A mid-life crisis of sorts is discernible in the unfinished Lost Road novel of 1936, with its fantasy of a drab and impoverished series of father-son scholars, by turns philologists and historians, who travel back in time to discover the end of myth and the dawn of history in the drowning of Atlantis.
The lasting legacy of the Lost Road was precisely this reworking of Plato’s myth of Atlantis as the story of how and why the world was made round and Númenor drowned beneath the waves. The legacy consists in the fact that Elendil escaped the deluge and arrived on the shores of our Middle-earth (as dimly recalled in modern times in stories of a king, Sheaf, who was sent to his people as a babe in a boat over the ocean), thereby providing the ancestry of Strider, who is Aragorn, heir Elendil and his son Isildur. But the enormous importance of this story for the imagination of The Lord of the Rings obscures, however, its significance to Tolkien at the time of its composition (which I have investigated in depth here). What we fail to register is that this story is intended as a conclusion to the Silmarillion stories – ‘here ends the history of the ancient world as told by the Elves’, as the 1936 myth concludes. In 1936 J.R.R. Tolkien was in some sense putting away his youthful fairy stories by way of making an end in the story of Númenor.

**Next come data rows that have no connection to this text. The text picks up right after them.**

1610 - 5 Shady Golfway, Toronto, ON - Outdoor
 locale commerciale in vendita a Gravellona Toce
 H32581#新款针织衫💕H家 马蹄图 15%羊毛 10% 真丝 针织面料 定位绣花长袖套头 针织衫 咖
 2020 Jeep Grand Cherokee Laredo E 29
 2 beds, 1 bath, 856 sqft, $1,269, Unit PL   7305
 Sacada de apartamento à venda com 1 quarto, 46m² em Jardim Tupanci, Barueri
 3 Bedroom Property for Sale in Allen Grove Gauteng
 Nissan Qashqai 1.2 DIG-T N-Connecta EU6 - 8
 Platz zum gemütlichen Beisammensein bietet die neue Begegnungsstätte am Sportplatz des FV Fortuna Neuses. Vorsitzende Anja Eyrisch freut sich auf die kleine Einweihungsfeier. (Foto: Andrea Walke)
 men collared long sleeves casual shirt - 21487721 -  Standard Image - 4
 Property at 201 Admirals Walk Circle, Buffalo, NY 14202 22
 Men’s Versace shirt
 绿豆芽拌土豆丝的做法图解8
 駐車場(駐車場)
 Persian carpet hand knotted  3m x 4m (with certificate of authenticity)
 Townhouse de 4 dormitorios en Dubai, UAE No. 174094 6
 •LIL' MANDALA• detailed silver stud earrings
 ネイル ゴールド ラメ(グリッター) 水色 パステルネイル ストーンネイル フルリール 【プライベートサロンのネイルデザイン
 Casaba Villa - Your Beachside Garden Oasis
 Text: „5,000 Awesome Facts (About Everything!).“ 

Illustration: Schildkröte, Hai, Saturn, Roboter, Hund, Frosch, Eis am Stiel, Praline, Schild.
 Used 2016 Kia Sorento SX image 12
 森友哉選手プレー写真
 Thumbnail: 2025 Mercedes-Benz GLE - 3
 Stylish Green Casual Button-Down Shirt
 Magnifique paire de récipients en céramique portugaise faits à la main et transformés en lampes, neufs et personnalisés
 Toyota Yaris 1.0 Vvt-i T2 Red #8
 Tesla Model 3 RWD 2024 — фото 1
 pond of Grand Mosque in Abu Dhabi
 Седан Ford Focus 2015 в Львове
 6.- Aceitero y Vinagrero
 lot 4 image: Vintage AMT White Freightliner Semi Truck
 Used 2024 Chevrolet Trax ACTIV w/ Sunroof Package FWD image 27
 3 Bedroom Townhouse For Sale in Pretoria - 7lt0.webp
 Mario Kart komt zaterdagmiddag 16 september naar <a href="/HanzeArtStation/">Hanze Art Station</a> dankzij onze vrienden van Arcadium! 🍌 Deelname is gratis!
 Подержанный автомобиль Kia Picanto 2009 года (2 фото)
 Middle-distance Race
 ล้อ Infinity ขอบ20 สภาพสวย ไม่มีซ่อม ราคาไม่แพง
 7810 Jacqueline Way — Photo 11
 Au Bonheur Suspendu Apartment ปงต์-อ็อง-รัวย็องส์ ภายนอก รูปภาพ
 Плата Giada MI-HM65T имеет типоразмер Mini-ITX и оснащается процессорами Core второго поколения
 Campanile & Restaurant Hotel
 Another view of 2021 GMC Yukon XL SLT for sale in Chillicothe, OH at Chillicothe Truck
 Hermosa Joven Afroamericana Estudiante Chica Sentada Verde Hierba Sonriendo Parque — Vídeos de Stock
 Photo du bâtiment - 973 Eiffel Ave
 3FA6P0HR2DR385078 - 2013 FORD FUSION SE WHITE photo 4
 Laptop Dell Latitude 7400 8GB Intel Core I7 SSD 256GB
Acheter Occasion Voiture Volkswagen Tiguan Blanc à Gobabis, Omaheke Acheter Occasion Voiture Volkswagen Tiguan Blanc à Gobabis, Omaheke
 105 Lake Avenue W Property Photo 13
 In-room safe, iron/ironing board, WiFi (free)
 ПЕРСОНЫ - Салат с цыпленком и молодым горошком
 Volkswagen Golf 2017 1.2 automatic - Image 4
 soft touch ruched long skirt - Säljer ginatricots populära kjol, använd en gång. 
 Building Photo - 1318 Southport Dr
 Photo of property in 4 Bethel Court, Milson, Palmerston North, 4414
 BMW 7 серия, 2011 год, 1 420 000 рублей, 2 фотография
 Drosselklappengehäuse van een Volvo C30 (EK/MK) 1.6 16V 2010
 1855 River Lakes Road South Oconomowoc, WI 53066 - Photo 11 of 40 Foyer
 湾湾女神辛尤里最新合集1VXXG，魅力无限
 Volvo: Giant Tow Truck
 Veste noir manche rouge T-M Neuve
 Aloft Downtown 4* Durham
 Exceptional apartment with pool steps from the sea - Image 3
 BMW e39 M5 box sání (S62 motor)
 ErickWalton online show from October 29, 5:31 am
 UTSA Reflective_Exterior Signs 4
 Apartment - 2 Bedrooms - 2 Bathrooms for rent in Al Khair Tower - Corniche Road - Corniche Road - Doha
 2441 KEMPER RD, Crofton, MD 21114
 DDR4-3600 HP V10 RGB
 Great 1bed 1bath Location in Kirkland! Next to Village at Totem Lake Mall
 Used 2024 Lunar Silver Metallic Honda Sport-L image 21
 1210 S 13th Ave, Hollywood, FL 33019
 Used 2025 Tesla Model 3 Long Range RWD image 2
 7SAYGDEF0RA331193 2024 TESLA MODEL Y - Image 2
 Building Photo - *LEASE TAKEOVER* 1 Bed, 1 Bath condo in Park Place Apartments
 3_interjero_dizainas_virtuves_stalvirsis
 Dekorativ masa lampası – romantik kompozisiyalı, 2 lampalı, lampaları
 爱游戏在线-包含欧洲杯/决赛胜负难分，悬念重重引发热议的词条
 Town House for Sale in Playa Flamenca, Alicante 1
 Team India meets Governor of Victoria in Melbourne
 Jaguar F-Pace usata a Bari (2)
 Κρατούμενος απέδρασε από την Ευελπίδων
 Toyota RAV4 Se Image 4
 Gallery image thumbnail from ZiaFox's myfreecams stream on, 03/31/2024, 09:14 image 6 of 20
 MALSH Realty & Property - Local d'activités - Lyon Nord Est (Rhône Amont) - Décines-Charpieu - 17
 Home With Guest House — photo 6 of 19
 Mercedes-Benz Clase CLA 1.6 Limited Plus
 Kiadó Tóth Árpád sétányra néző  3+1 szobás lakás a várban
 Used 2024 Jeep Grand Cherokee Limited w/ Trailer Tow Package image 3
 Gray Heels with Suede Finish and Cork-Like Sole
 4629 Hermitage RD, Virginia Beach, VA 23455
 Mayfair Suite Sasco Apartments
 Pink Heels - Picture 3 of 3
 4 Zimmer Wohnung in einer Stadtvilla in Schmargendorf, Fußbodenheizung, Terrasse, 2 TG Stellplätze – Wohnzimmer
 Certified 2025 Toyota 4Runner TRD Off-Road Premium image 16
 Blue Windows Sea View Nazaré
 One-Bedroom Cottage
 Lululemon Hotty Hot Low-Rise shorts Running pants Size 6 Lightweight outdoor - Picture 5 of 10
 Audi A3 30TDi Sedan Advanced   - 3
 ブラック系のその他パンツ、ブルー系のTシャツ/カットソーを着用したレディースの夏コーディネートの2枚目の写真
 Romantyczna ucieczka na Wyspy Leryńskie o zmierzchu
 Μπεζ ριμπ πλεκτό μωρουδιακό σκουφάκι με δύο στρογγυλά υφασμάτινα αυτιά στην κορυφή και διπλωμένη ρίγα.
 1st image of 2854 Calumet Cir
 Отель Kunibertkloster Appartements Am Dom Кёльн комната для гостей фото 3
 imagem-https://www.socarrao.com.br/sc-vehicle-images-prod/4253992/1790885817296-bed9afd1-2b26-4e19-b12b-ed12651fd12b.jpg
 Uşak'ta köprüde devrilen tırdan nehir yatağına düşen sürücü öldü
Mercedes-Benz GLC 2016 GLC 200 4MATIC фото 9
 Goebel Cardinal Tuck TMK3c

And then The Hobbit was published and they asked for a sequel and at first Tolkien tried to make it into the sequel to a 1934 poem, ‘The Adventures of Tom Bombadil,’ but in the autumn of 1939 began to think that it might make a continuation of the story of the exiles of Númenor, told in the last pages of the 1936 myth and, as such, an alternative ending to the Silmarillion stories.
An idea that emerges in the wake of a radio announcement on September 3, 1939: Britain has declared war on Germany, and a vision of the tale of the Great War of the Ring begins to unveil itself in JRRT’s mind.
And that, really, was that, as poor Edith must have seen all too clearly. With a world shattering turn to war, Tolkien grasped at that creative imagination vital to his inner survival and found in writing a story, and glimpsed that his new hobbit story might make a fitting (protracted) ending to the Silmarillion stories: a tale of how Three Elvish Rings connected Myth and History in the Third Age of Middle-earth and the hole in reality inadvertently opened out of which Sauron made a back door by incarnating himself in a tiny gold ring. A suitably grand finale. But one has to sympathize with his colleagues, who still hoped the great philologist would produce a definitive tome, not to mention his wife, who must have been hoping her husband would soon spend more time with her in the garden.
On the good side, of course, Tolkien’s fairy-story-making addiction (if one may so put it) gave us The Lord of the Rings.
Seeing The Lord of the Rings as a more elaborate version of the 1936 closure invites especially meditation on the legendary appendage to the myth, which tells of a king of the mortal exiles in history, Elendil, whose people built high coastal towers and who made a last alliance with the Elf-king and confronted Sauron outside his hold in Mordor, and vanquished him but died. And it brings into view, too, the story of a tower built by the sea told also in 1936 by a man who did not yet know that thanks to Bilbo Baggins he would build a tower to rival the Beowulf.